In the past relationships were a security blanket and a way of belonging, in fact a need to belong. Early in our relationship, my wife and I had even attended a couples counselling workshop and sessions where we were told, and fully accepted, that we were each angels with only one wing and could only fly by holding each other. It was a model of co-dependence that meant for our relationship to grow, we had to keep having issues to deal with, we had to have a reason to hold on tightly to each other.
The very foundation of our relationship was based on a needed security, which meant that any proposed (or needed) change to that foundation would end up as a defensive battle.

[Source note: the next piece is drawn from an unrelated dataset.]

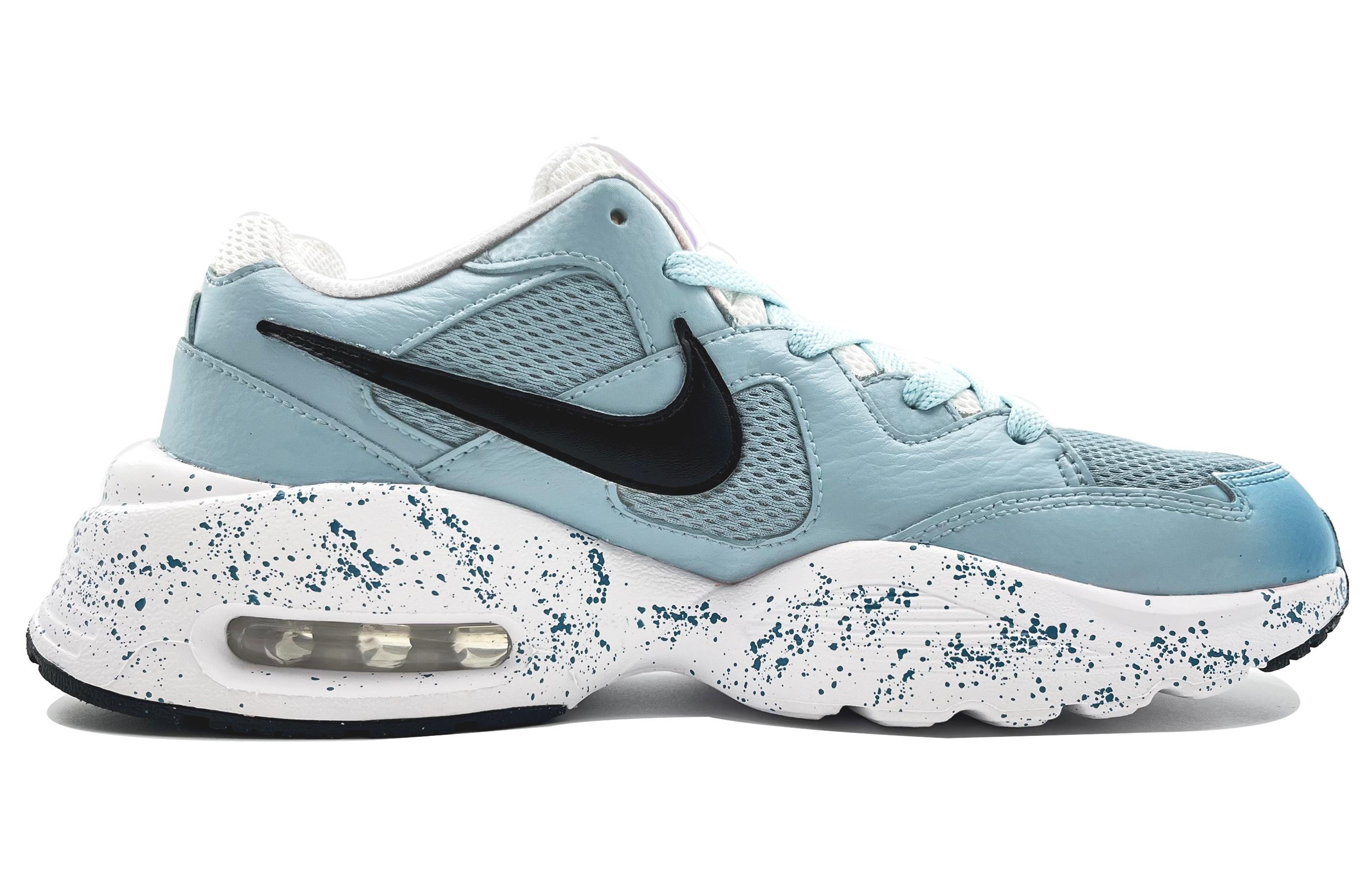 Order Nike Air Max Fusion 'Salpicadura Azul' CJ1670-102-474245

Each time, one of us started to grow and develop in a different direction, we would claw the other back into an embrace that we thought was security but in reality, it was suffocating.
At a more recent workshop, we were presented with a simple truth… We do not need to be in a relationship to be or to feel whole, that this feeling comes from within. When we connect to that wholeness we can then choose to be in a relationship or not. This meant no longer needing to be with the other person but appreciating what they brought to our life so deeply that the choice to be in a relationship with them was a no brainer. More importantly, we also brought an appreciation of what we offered, because we knew more about who we were!

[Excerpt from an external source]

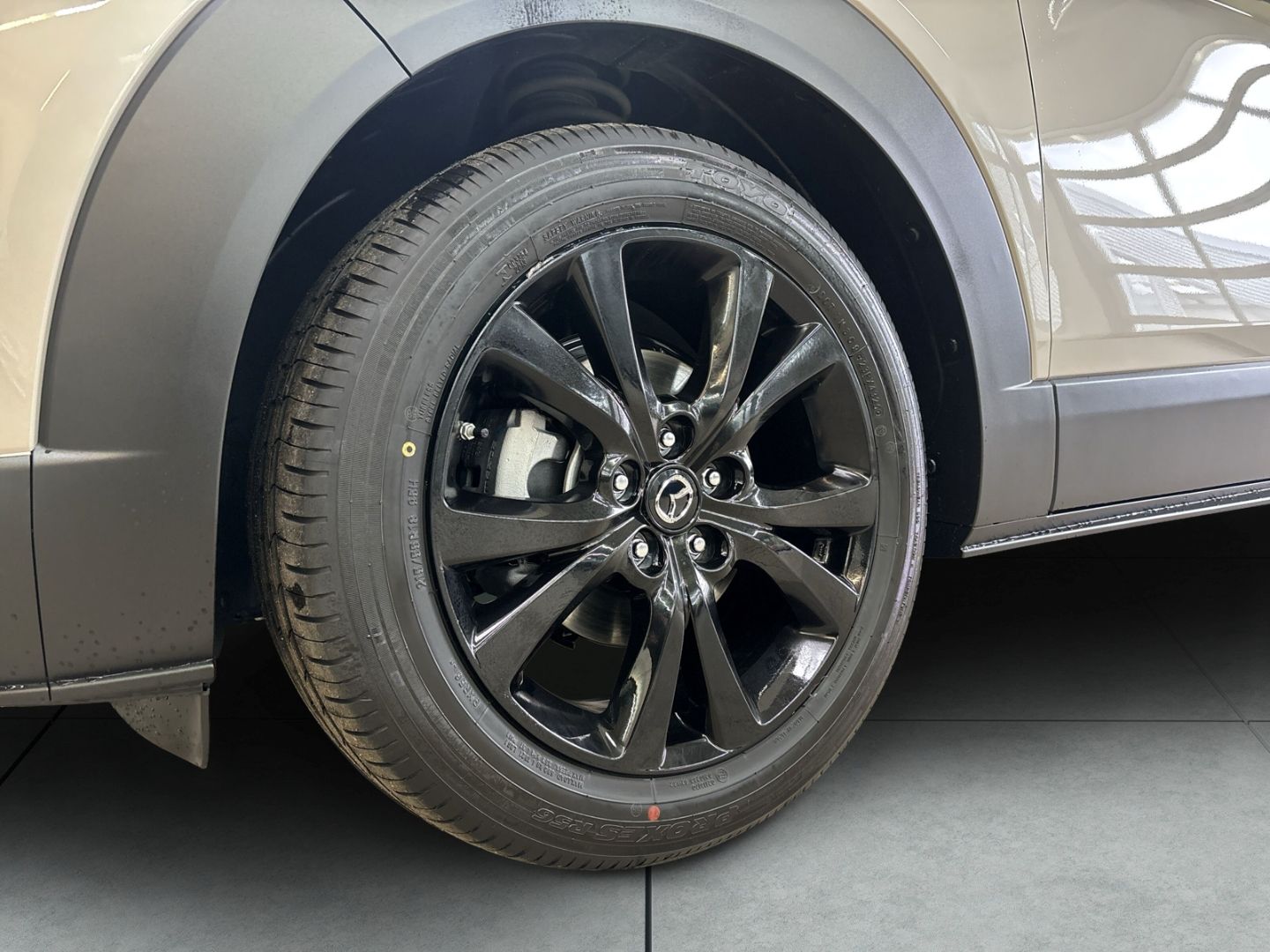 Mazda CX-30 - Bild 4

It took a couple of years to really live this simple teaching, and there were some very uncomfortable moments between my wife and I, because she was living this reality earlier than I was. Having someone not need you anymore is both confronting and liberating. For me this was the end of the relationship. I was humpty dumpty laying shattered on the ground, until I realised that ending a way of relating is different to ending a relationship.
Whilst we all have patterns of behaviour, these patterns or ways of relating CAN change but it doesn’t mean it is the end of the relationship. At times, it feels like the pattern is all there is and we become fixated on fixing the other person. But if I am more than a pattern of behaviour then the person I am relating to is more than their patterns as well. It is the more, that I want the relationship with, so that is what is offered.
So rather than threatening the end of the relationship, the change being offered is simply an end of THAT way of relating to this person. The hard part can be that some people are more committed to that pattern of relating than they are to the relationship.
Indeed, this happens sometimes, you can see the pattern being clung to like a life raft and the person preferring to float away than step onto dry land. It can hurt when this happens because it is no longer the existence crisis it once was. This Humpty Dumpy handles himself with more care now and has grown his own set of wings. Which means I no longer need all the kings’ men, because when my relationship with me is solid, I no longer break when I fall.